Aggiudicatosi il premio per la “Miglior tematica sociale” al prestigioso Festival dello Sport Integrato di Courmayeur, il documentario “Una via possibile” è stato realizzato da Giacomo Piumatti e Marcello Manzino di Bra (Cuneo), accomunati dalla passione per il cinema e per la montagna, oltreché impegnati nel baskin (basket integrato) e i protagonisti sono Eleonora, Fabio e Riccardo, impegnati nella scalata di una parete di roccia, tre persone che normalmente non praticano l’arrampicata sportiva, ma che nonostante le rispettive disabilità, dimostrano senz’altro di poterlo fare

Un fermo immagine del documentario “Una via possibile”
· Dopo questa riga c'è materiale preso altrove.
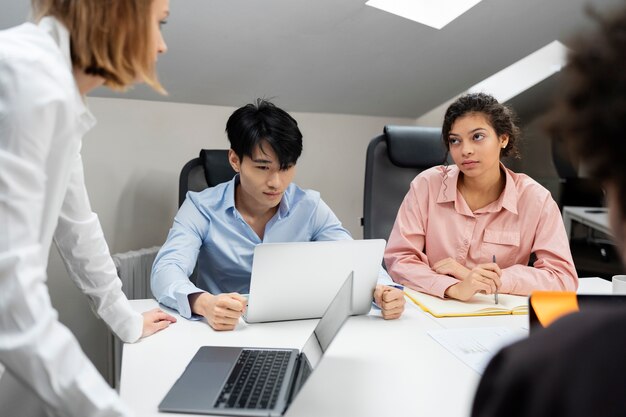 Violencia en el lugar de trabajo entre colegas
«Ha saputo affrontare la tematica dell’inclusione e integrazione attraverso la verticabilità di una parete di roccia che diventa così un muro “superabile”, grazie all’amore e alla tenacia dei due protagonisti e delle loro famiglie. L’arrampicata si trasforma in simbolo di realizzazione e di condivisione»: è con questa motivazione che il documentario Una via possibile si è recentemente aggiudicato il premio per la Miglior tematica sociale al prestigioso Festival dello Sport Integrato di Courmayeur (Aosta).
A realizzarlo sono stati Giacomo Piumatti e Marcello Manzino di Bra (Cuneo), accomunati dalla passione per il cinema e per la montagna, oltreché impegnati nel baskin (basket integrato), e per farlo hanno preso spunto dalla videotesi di laurea in Scienze Motorie elaborata da Manzino sul tema Sport e disabilità.
Protagonisti del bel filmato – che ha coinvolto nella realizzazione anche l’Associazione braidese Sportiamo – sono Eleonora, Fabio e Riccardo, impegnati nella scalata di una parete di roccia, tre persone che normalmente non praticano l’arrampicata sportiva, ma che nonostante le rispettive disabilità, dimostrano senz’altro di poterlo fare. (S.B.)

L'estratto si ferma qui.